==== Source material
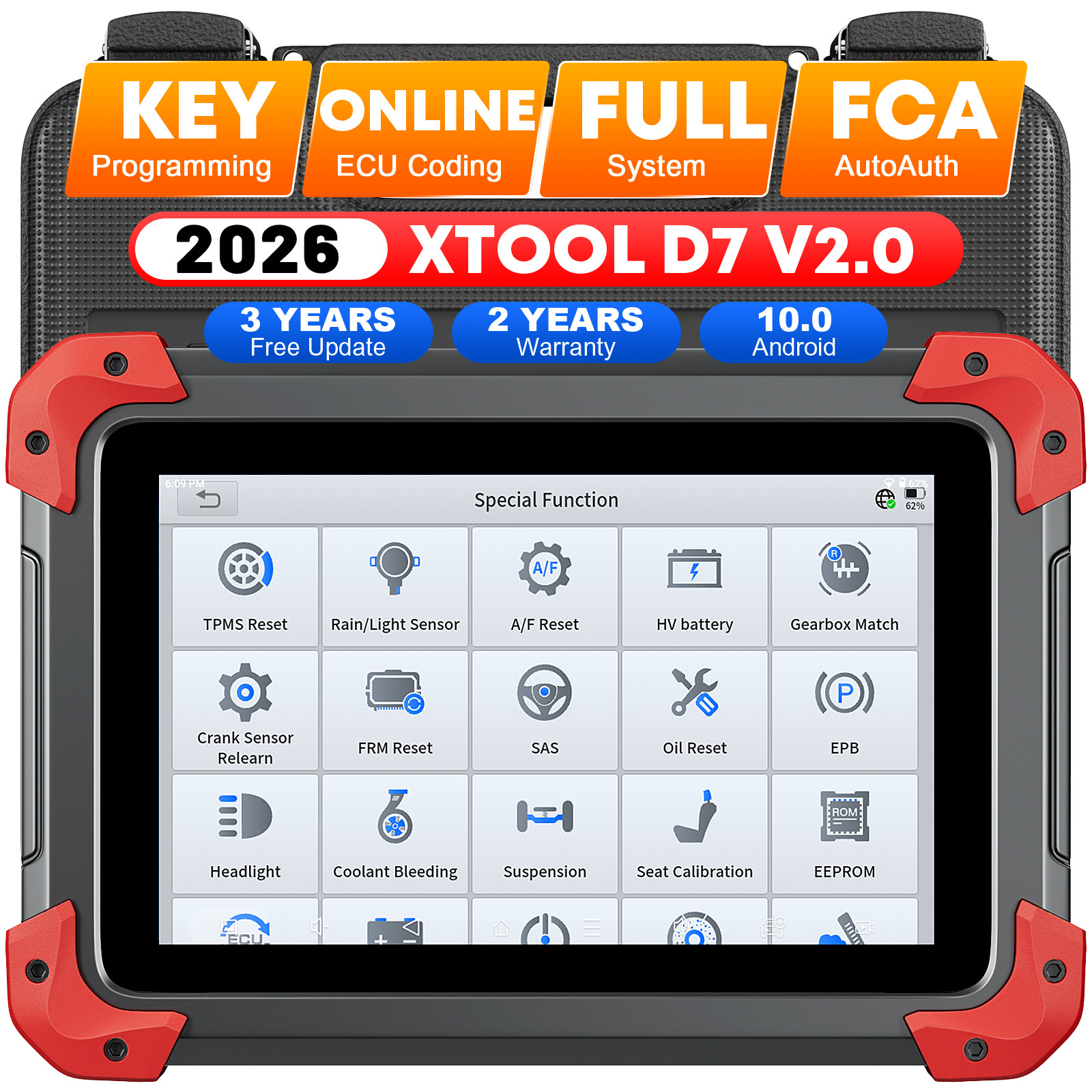 2024 XTOOL D7 OBD2 Diagnostic Full Systems Scanner 36+ Services Active Test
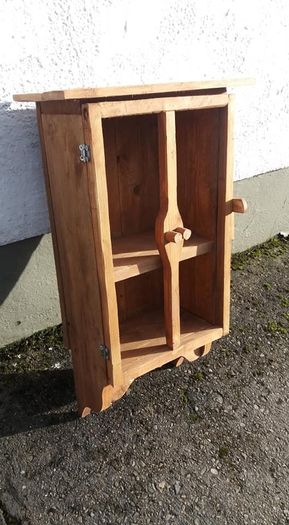 Country style floating display shelf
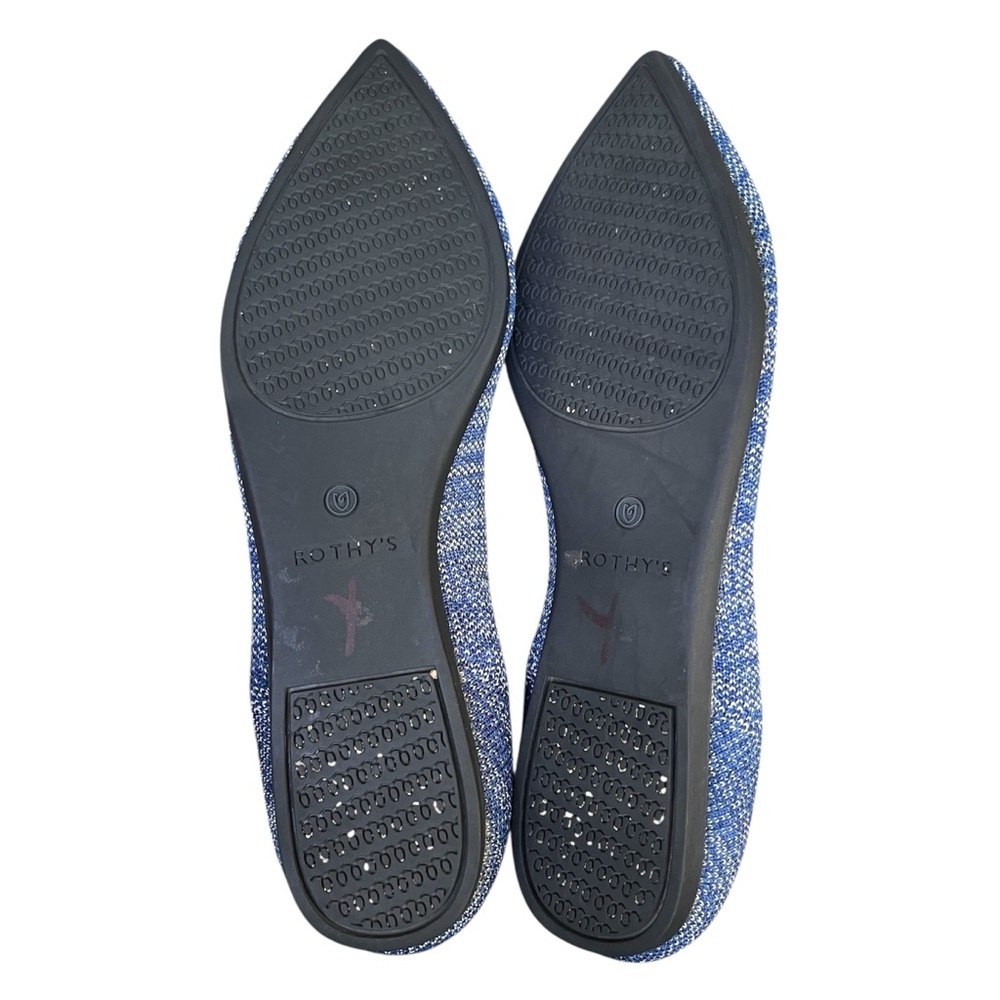 Rothy’s The Point Flats in Blue Denim Knit – Size 9.5 - Picture 7 of 8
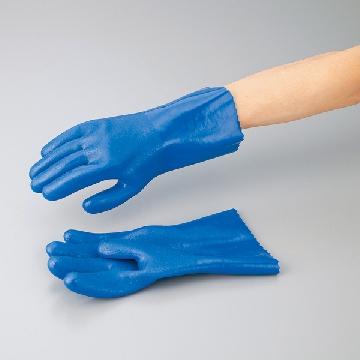 PVC作业手套 ，长，尺寸:L，全长（mm）:300，1-533-02，AS ONE，亚速旺
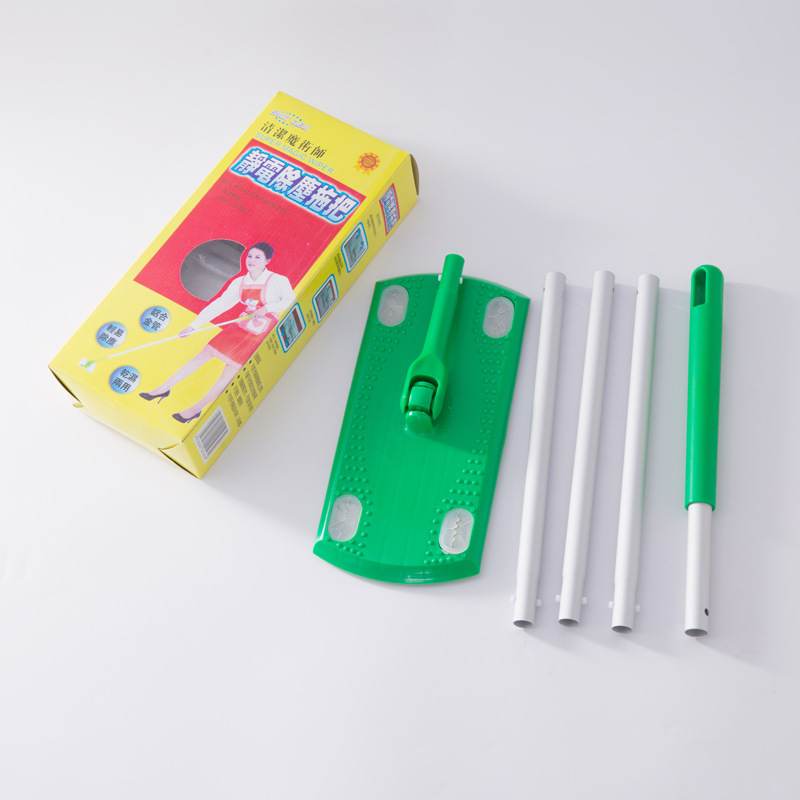 新款除尘纸专用拖把 静电除尘纸拖把送5片除尘纸没有包装盒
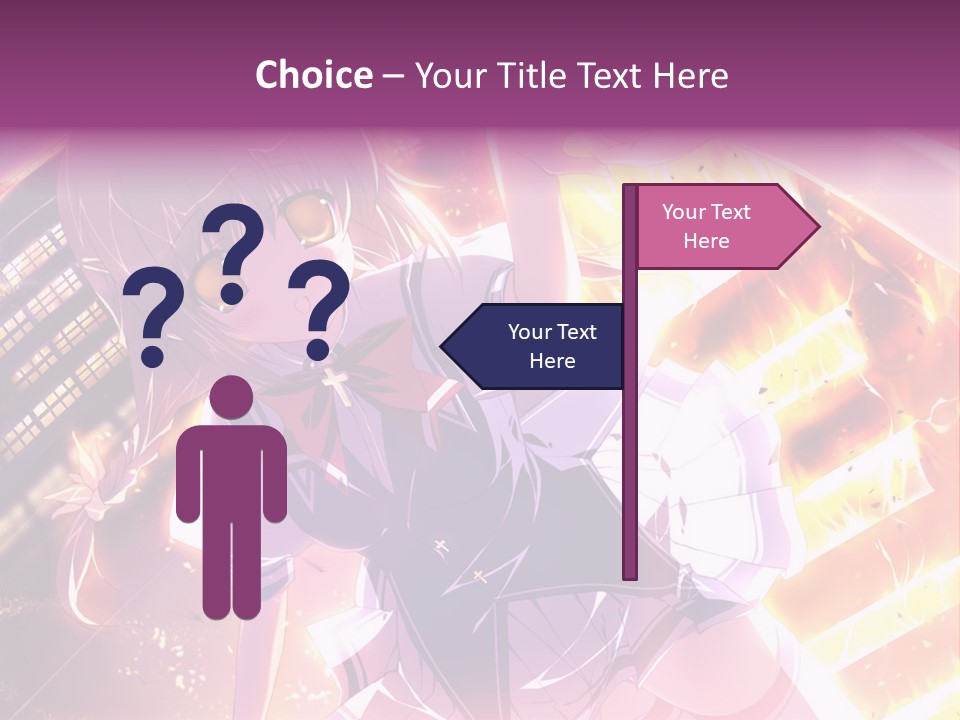 A Girl In A Short Skirt Is Dancing In Front Of A Cityscape PowerPoint Template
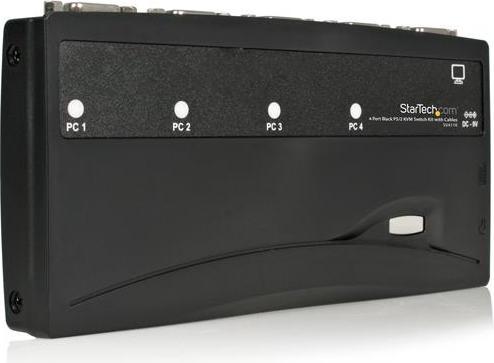 Produktbild StarTech 4 Port VGA / PS/2 KVM Switch - PS/2 KVM Umschalter inkl. Kabel - 4 Port Desktop KVM Umschalter 1x...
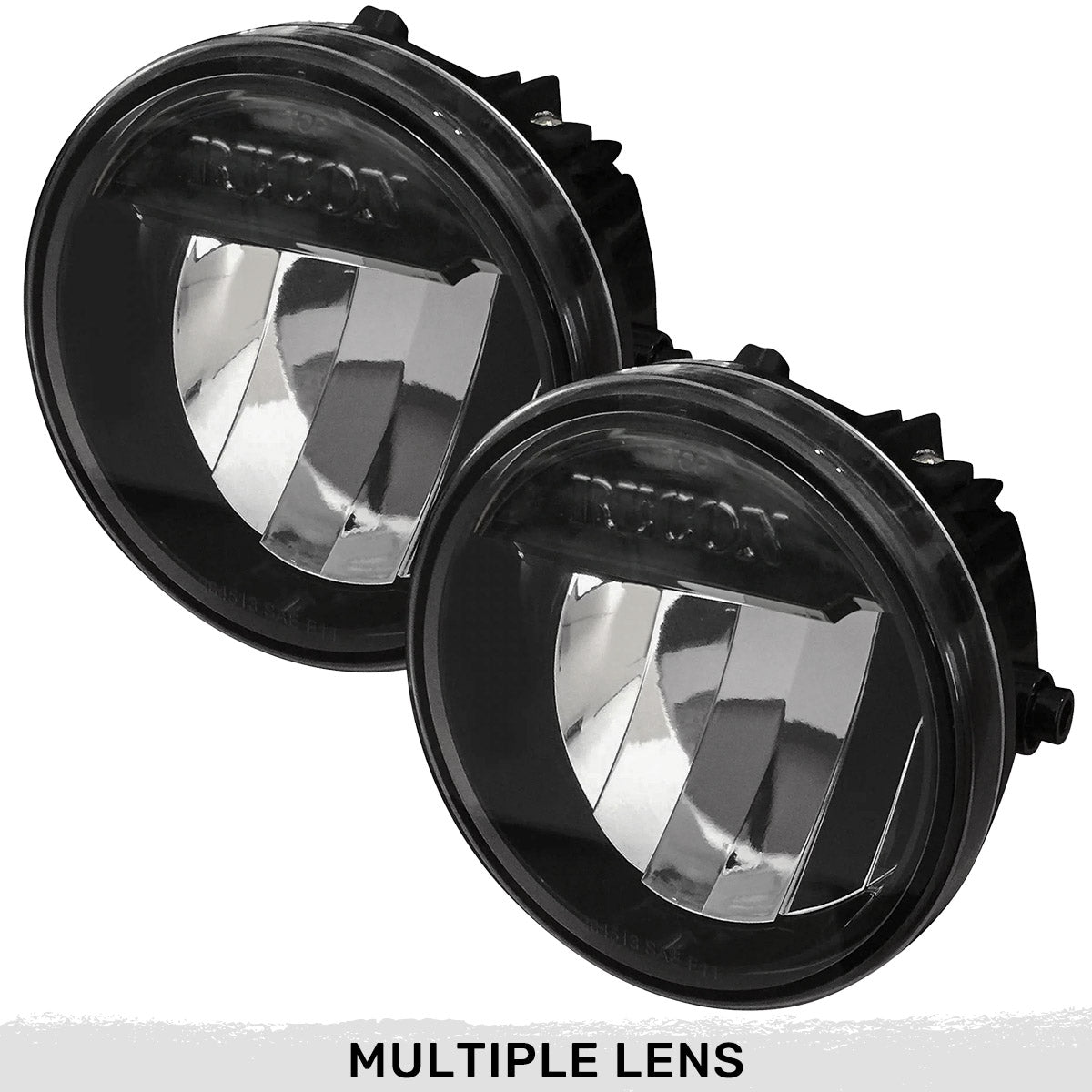 Ford F150 09-14 Ultra Bright White LED Fog Lights 2-Pc Kit (Replaces Factory Fog Lights) - Multiple Lens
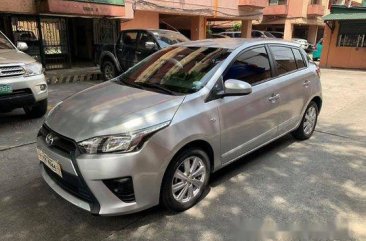 Silver Toyota Yaris 2016 for sale in Quezon City 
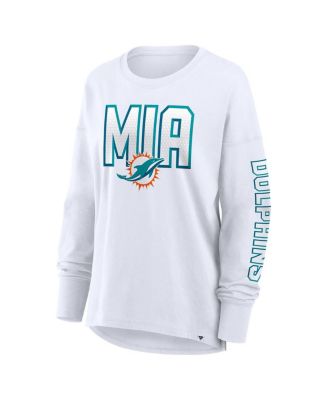 Women's White Miami Dolphins Hometown Legacy Long Sleeve T-Shirt
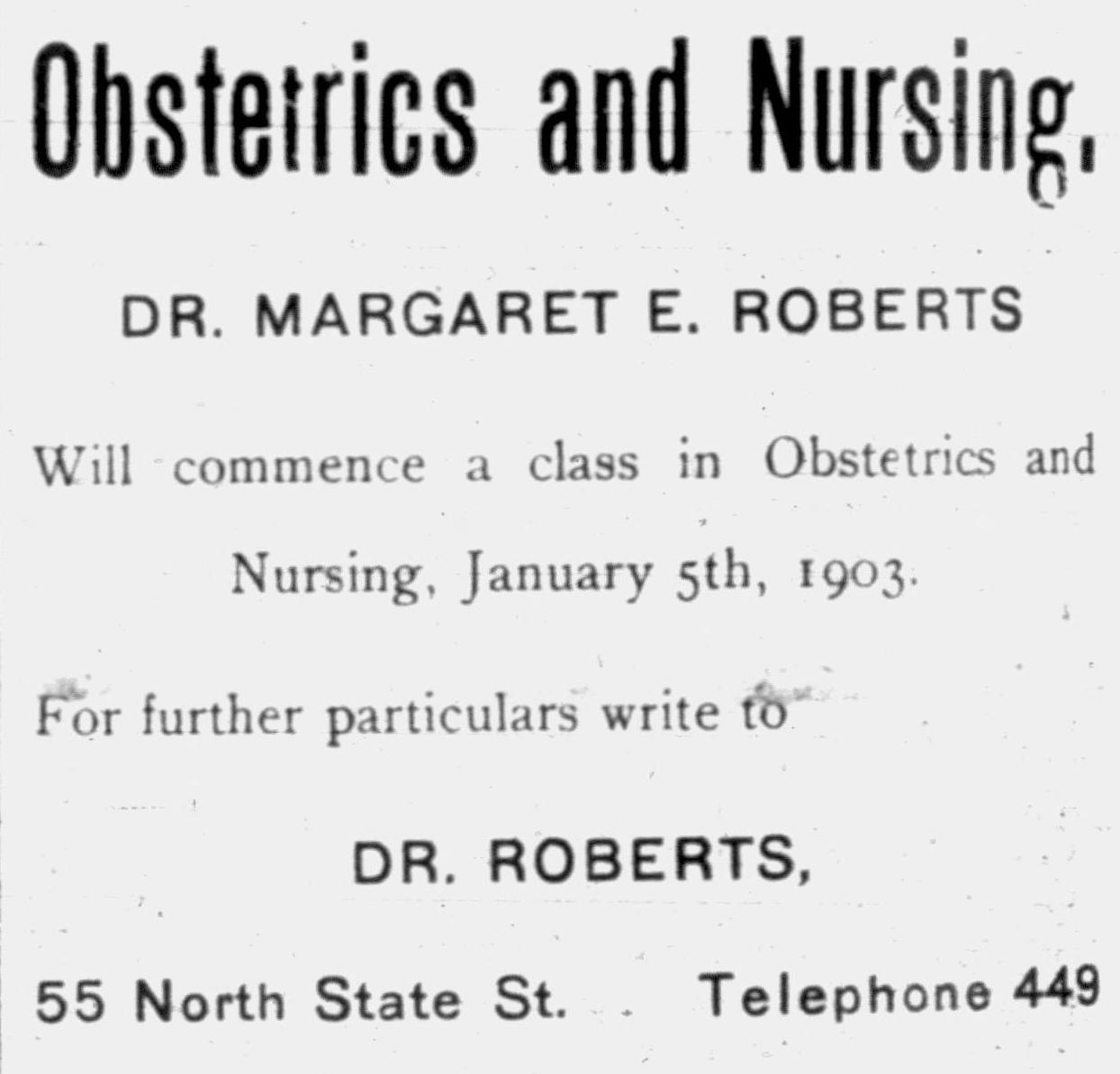 An advertisement by from the 1902-11-01 issue of the Woman's Exponent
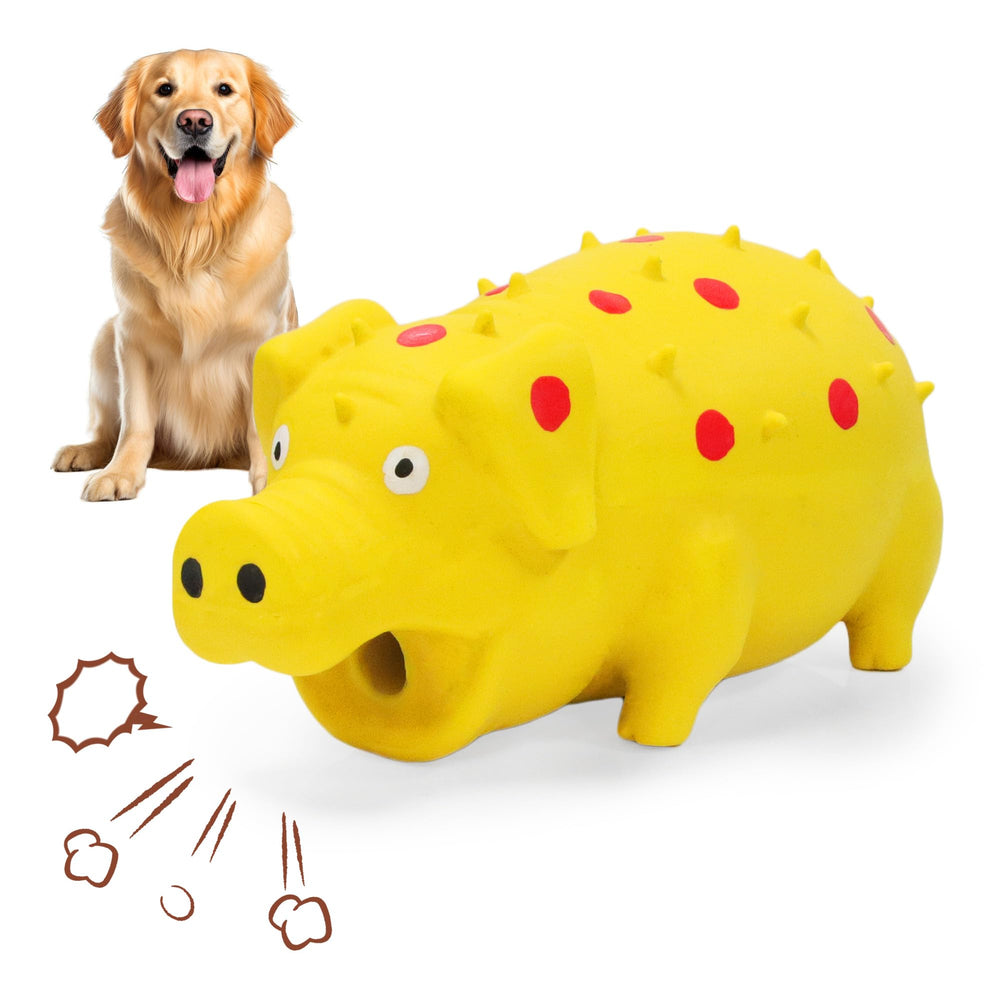 LLSPET cochon jaune face emballage montrant design attrayant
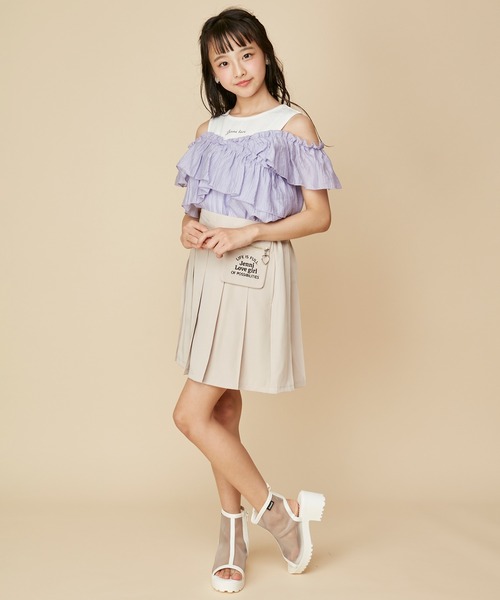 JENNI(ジェニィ)の「シアーブーツサンダル(サンダル・キッズ・オフホワイト/ブラック・20cm/21cm/22cm/23cm/24cm)」の6枚目の写真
========
Output the records above exactly, leaving out pictures.

Result of this task:
 2024 XTOOL D7 OBD2 Diagnostic Full Systems Scanner 36+ Services Active Test
 Country style floating display shelf
 Rothy’s The Point Flats in Blue Denim Knit – Size 9.5 - Picture 7 of 8
 PVC作业手套 ，长，尺寸:L，全长（mm）:300，1-533-02，AS ONE，亚速旺
 新款除尘纸专用拖把 静电除尘纸拖把送5片除尘纸没有包装盒
 A Girl In A Short Skirt Is Dancing In Front Of A Cityscape PowerPoint Template
 Produktbild StarTech 4 Port VGA / PS/2 KVM Switch - PS/2 KVM Umschalter inkl. Kabel - 4 Port Desktop KVM Umschalter 1x...
 Ford F150 09-14 Ultra Bright White LED Fog Lights 2-Pc Kit (Replaces Factory Fog Lights) - Multiple Lens
 Silver Toyota Yaris 2016 for sale in Quezon City 
 Women's White Miami Dolphins Hometown Legacy Long Sleeve T-Shirt
 An advertisement by from the 1902-11-01 issue of the Woman's Exponent
 LLSPET cochon jaune face emballage montrant design attrayant
 JENNI(ジェニィ)の「シアーブーツサンダル(サンダル・キッズ・オフホワイト/ブラック・20cm/21cm/22cm/23cm/24cm)」の6枚目の写真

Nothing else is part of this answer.